START Exercise data
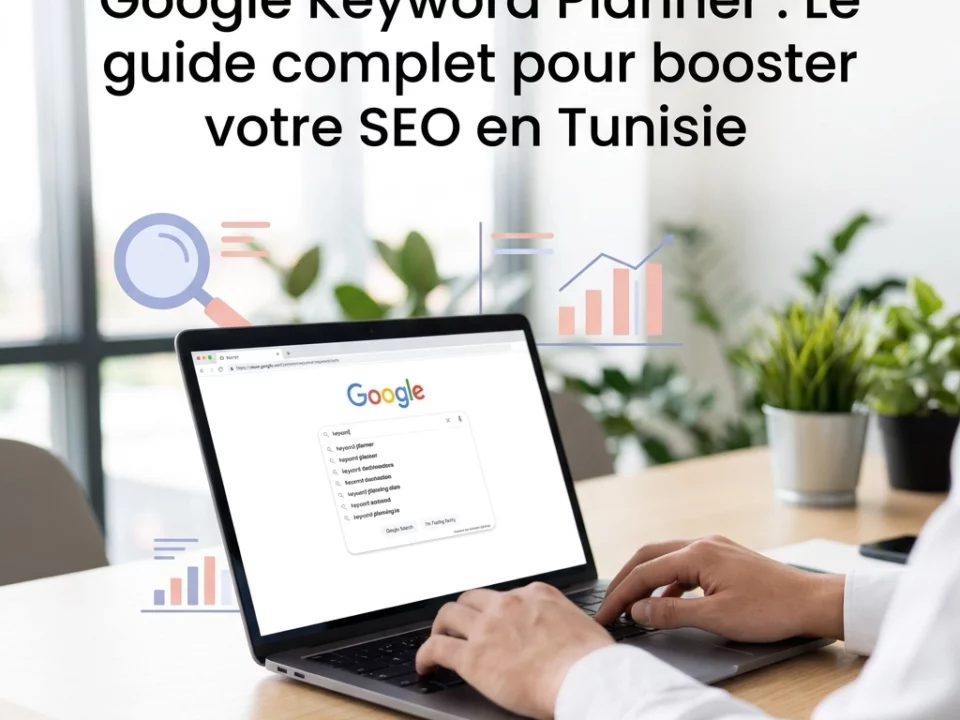 Google Keyword Planner : Le guide complet pour booster votre SEO en Tunisie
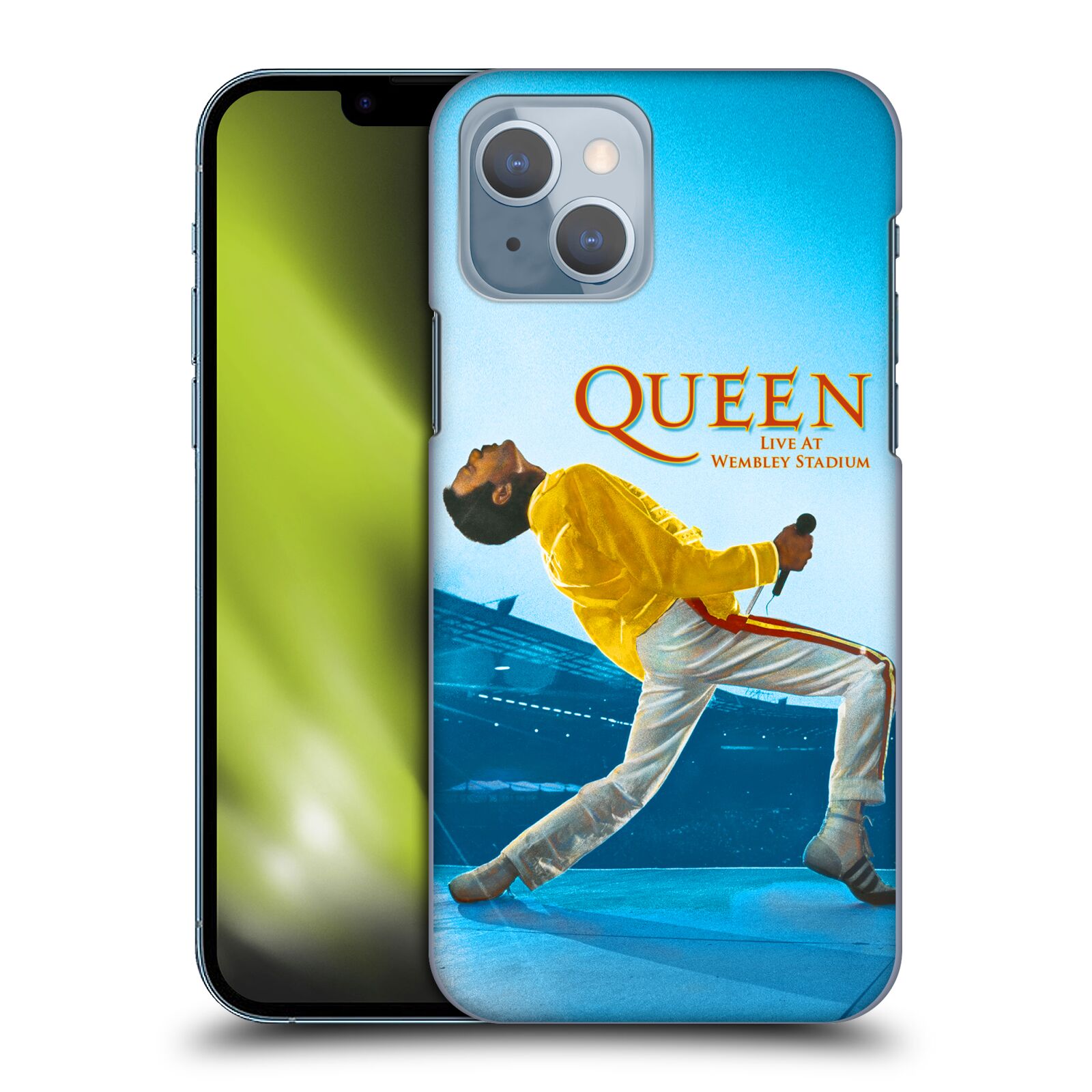 Plastové pouzdro na mobil Apple iPhone 14 - Head Case - Queen - Freddie Mercury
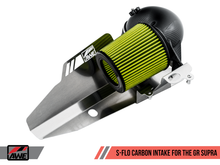 Load image into Gallery viewer, AWE Tuning 2020 Toyota GR Supra (A90) S-FLO Carbon Intake (2020 Models Only)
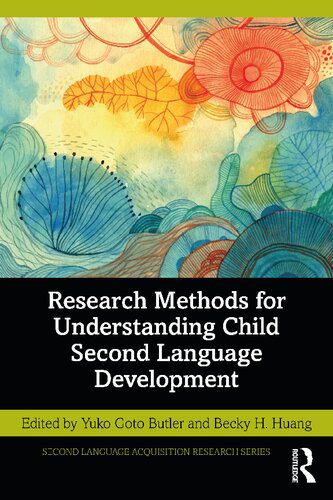 خرید و دانلود نسخه کامل کتاب Research Methods for Understanding Child Second Language Development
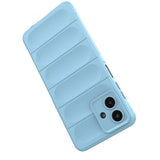Husa pentru Samsung Galaxy A07 4G, Techsuit Magic Shield, bleu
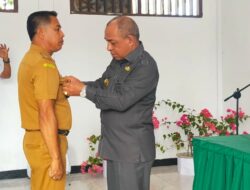 Pattipeilohy, Resmi Di Lantik Sebagai Pejabat Desa Hila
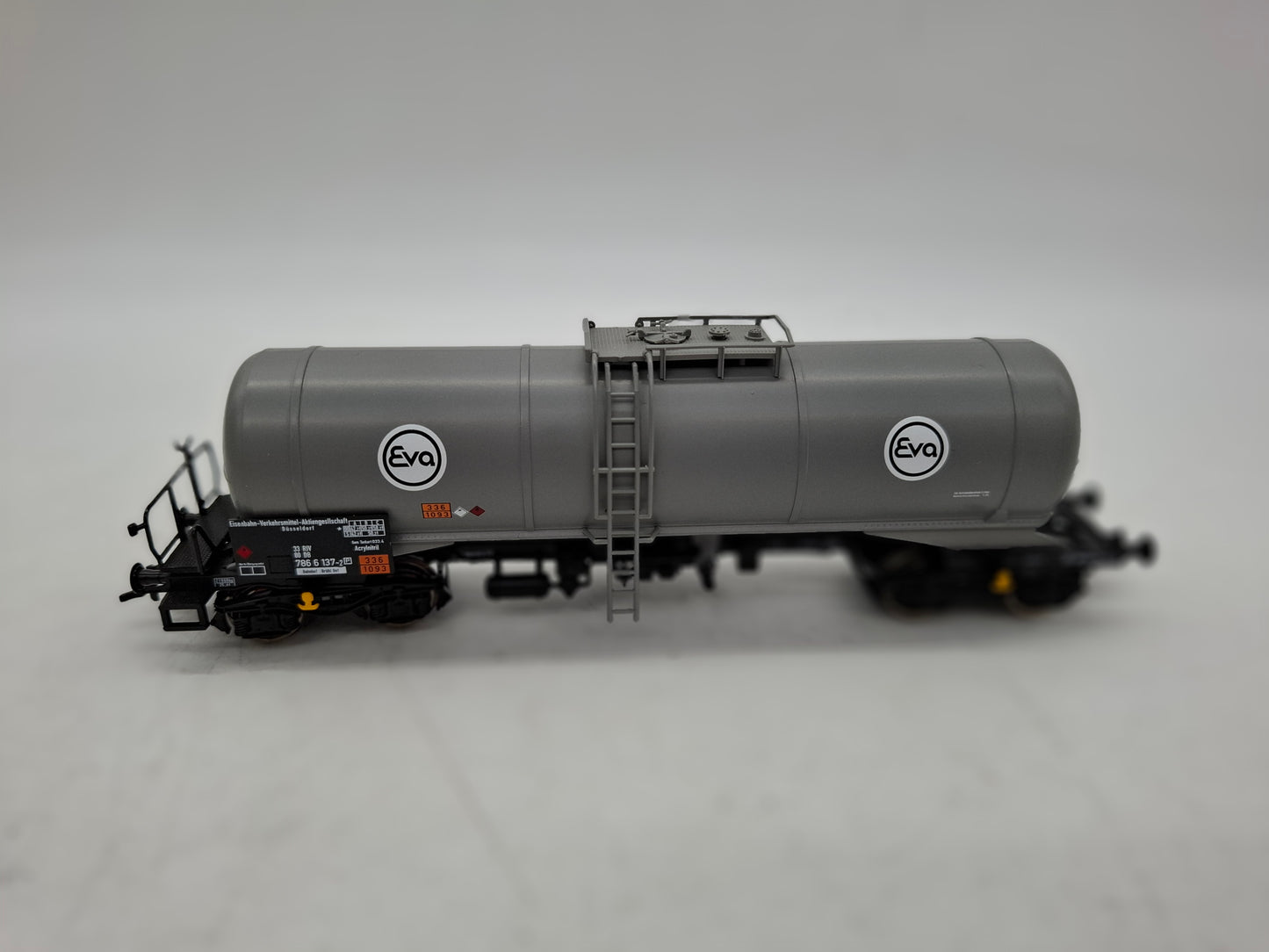 Roco H0 - 76052 - 3-delige ketelwagenset "Eva" van de DB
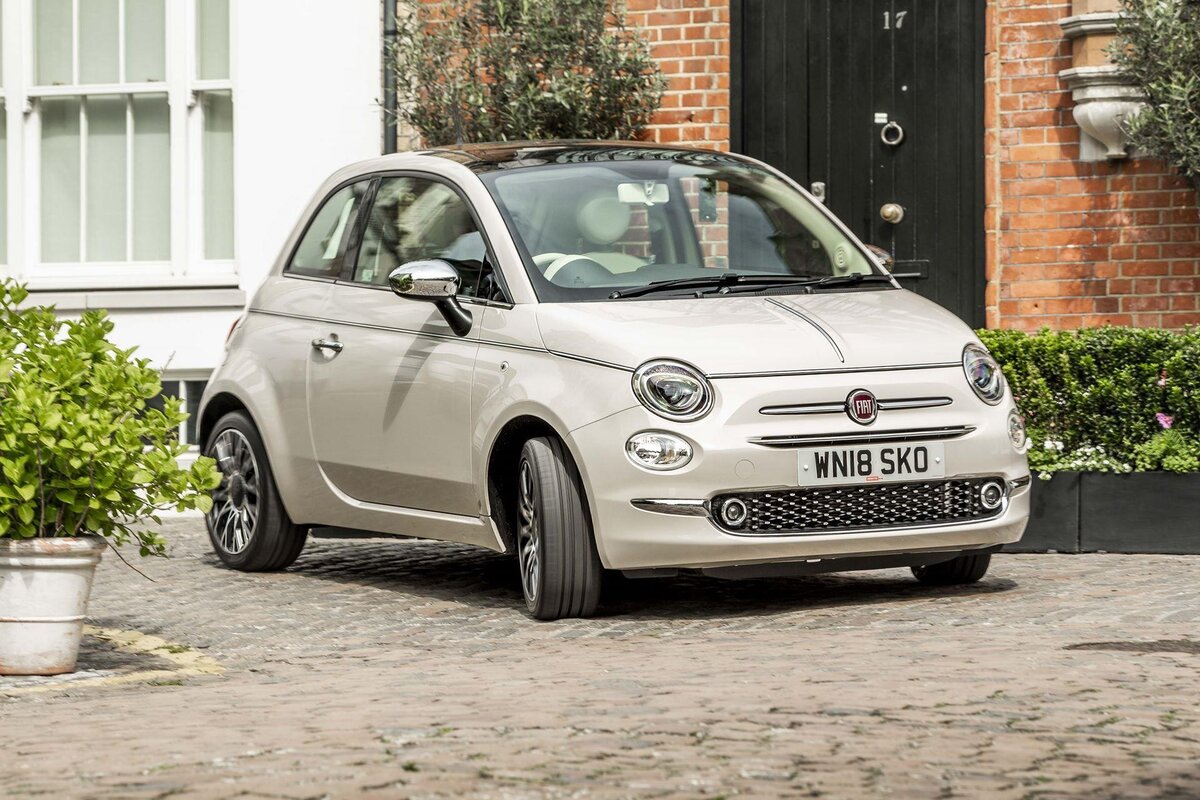 The Fiat 500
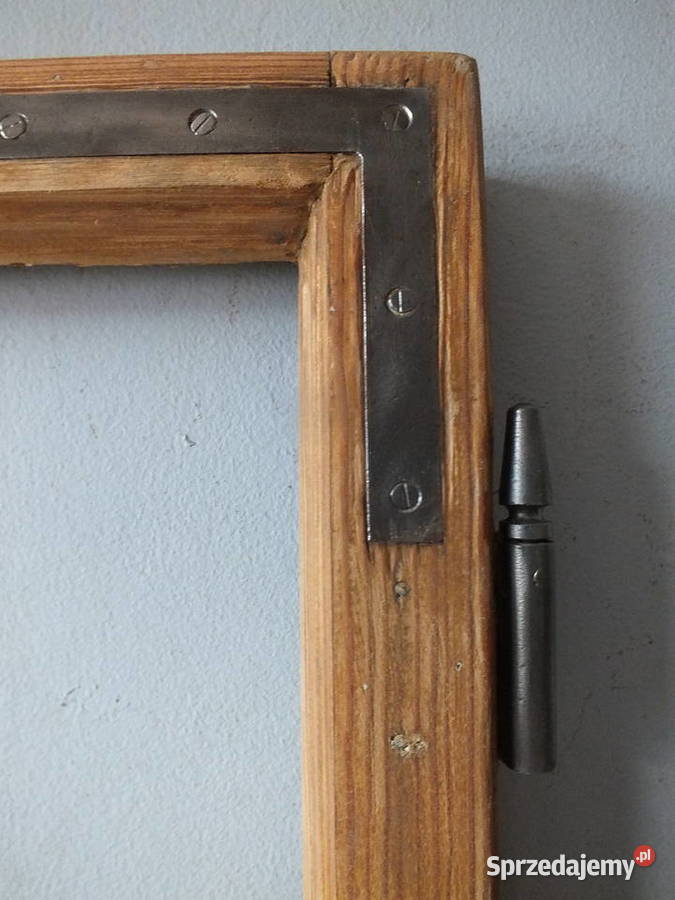 Stare okna drewnianeokoło 1890 piękne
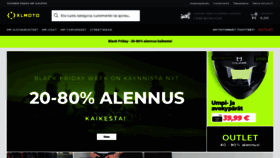What Xlmoto.fi website looked like in 2022 (1 year ago)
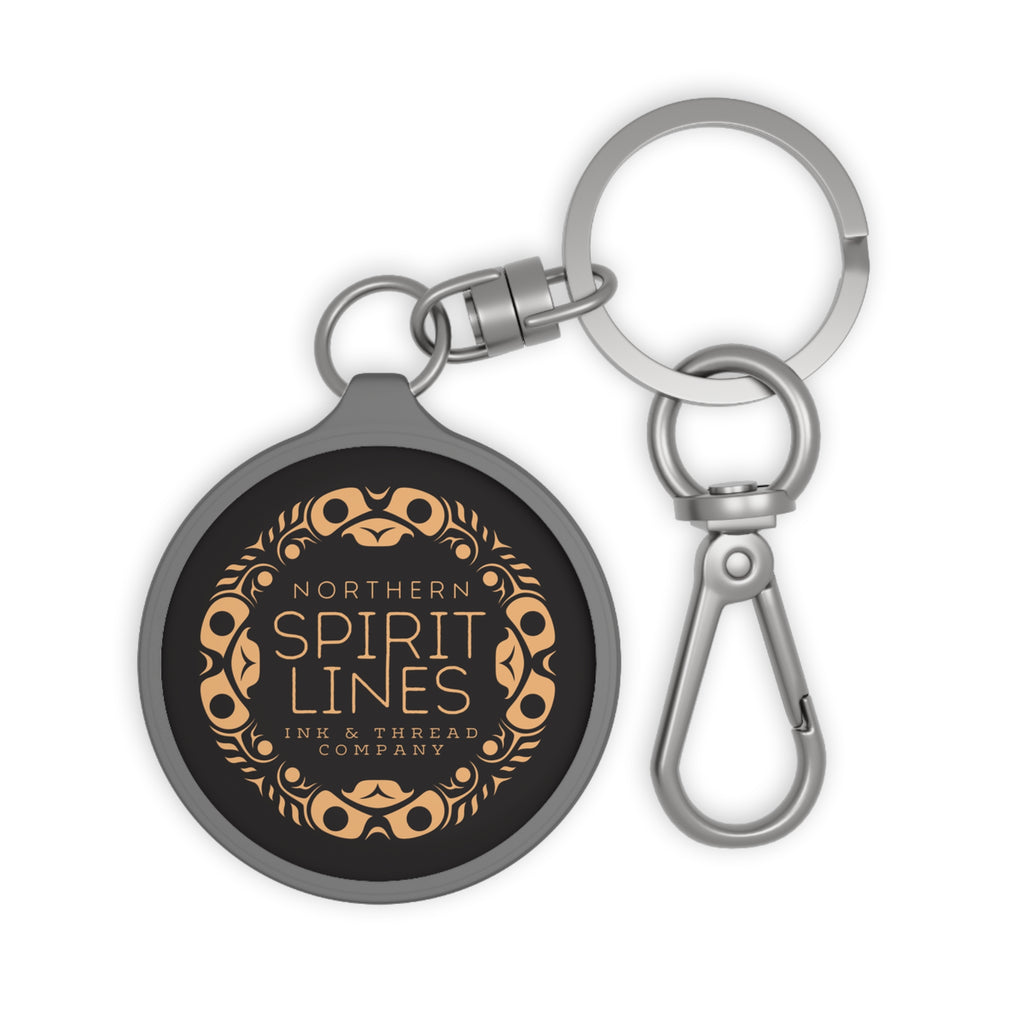 Keychain - Tan Logo - Northern Spiritlines™
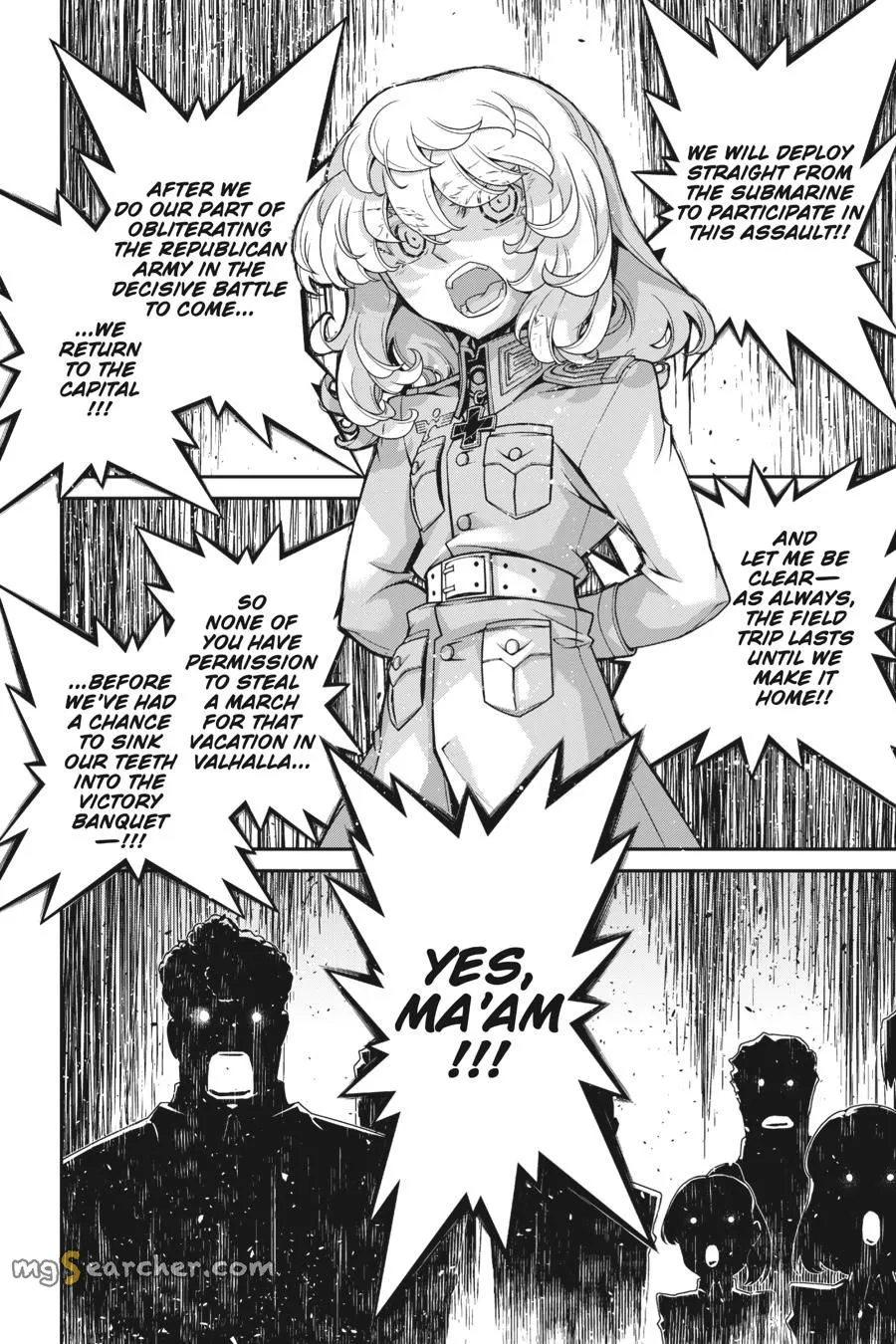 Read Youjo Senki EN Manga Online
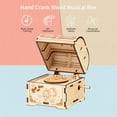 thumbnail image 4 of Tignapoo 3D Wooden Puzzle Music Box Kit - Classic Treasure Chest Design for Kids Over 6, DIY Assembly, Educational Toy, Choose from Baby, Love, Rabbit, or Cat Themes, 4 of 6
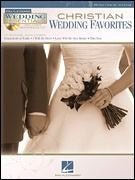 Christian Wedding Favorites Wedding Essentials Series, Book & CD Default Hal Leonard Corporation Music Books for sale canada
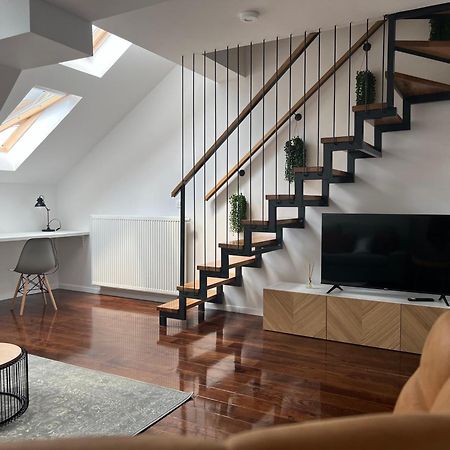 Cozy Loft Apartment In Zagreb Center Ngoại thất bức ảnh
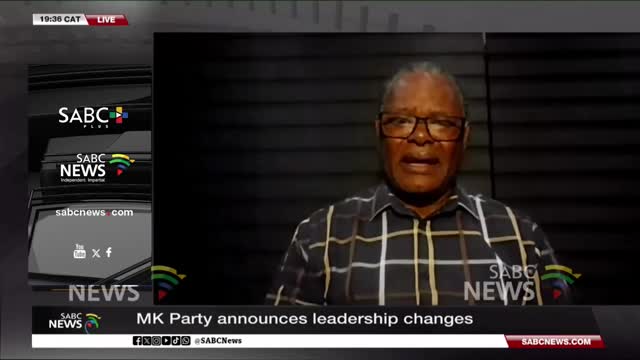 MK Party removes John Hlophe and Nathi Nhleko from leadership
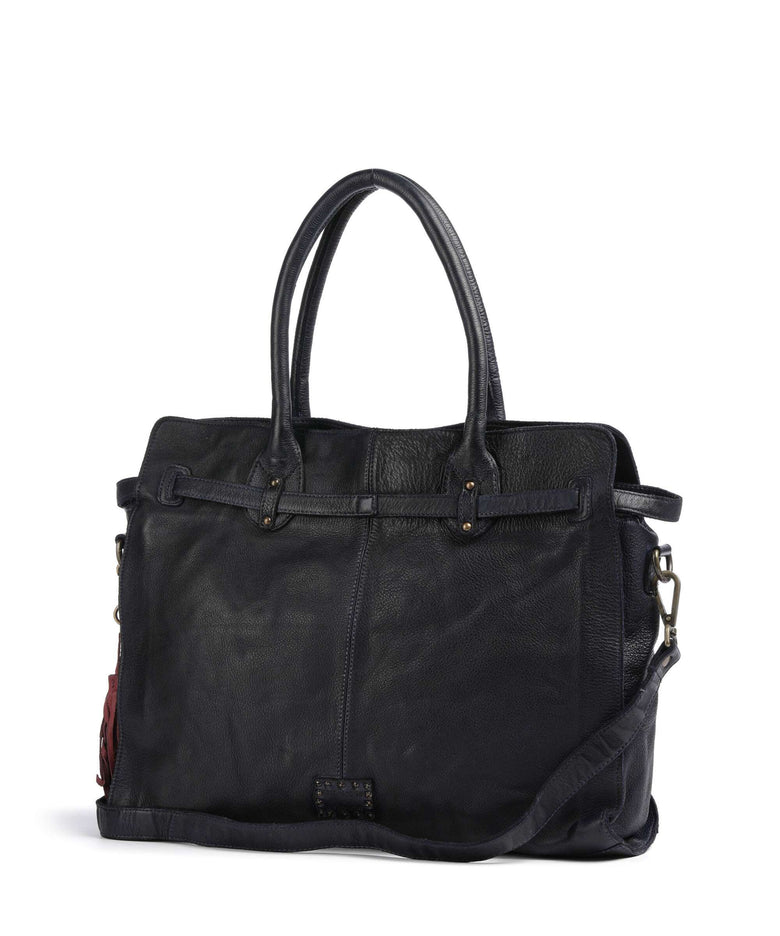 Taschendieb Wien Kaisterstrasse 2 Tote bag blue sea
END Exercise data
• Description of the task: Please retype, exactly and with the pictures left out, the lines from the line containing "Read Youjo Senki EN Manga Online" through the last line of the records above.

• Solution for this problem:
 Read Youjo Senki EN Manga Online
 thumbnail image 4 of Tignapoo 3D Wooden Puzzle Music Box Kit - Classic Treasure Chest Design for Kids Over 6, DIY Assembly, Educational Toy, Choose from Baby, Love, Rabbit, or Cat Themes, 4 of 6
 Christian Wedding Favorites Wedding Essentials Series, Book & CD Default Hal Leonard Corporation Music Books for sale canada
 Cozy Loft Apartment In Zagreb Center Ngoại thất bức ảnh
 MK Party removes John Hlophe and Nathi Nhleko from leadership
 Taschendieb Wien Kaisterstrasse 2 Tote bag blue sea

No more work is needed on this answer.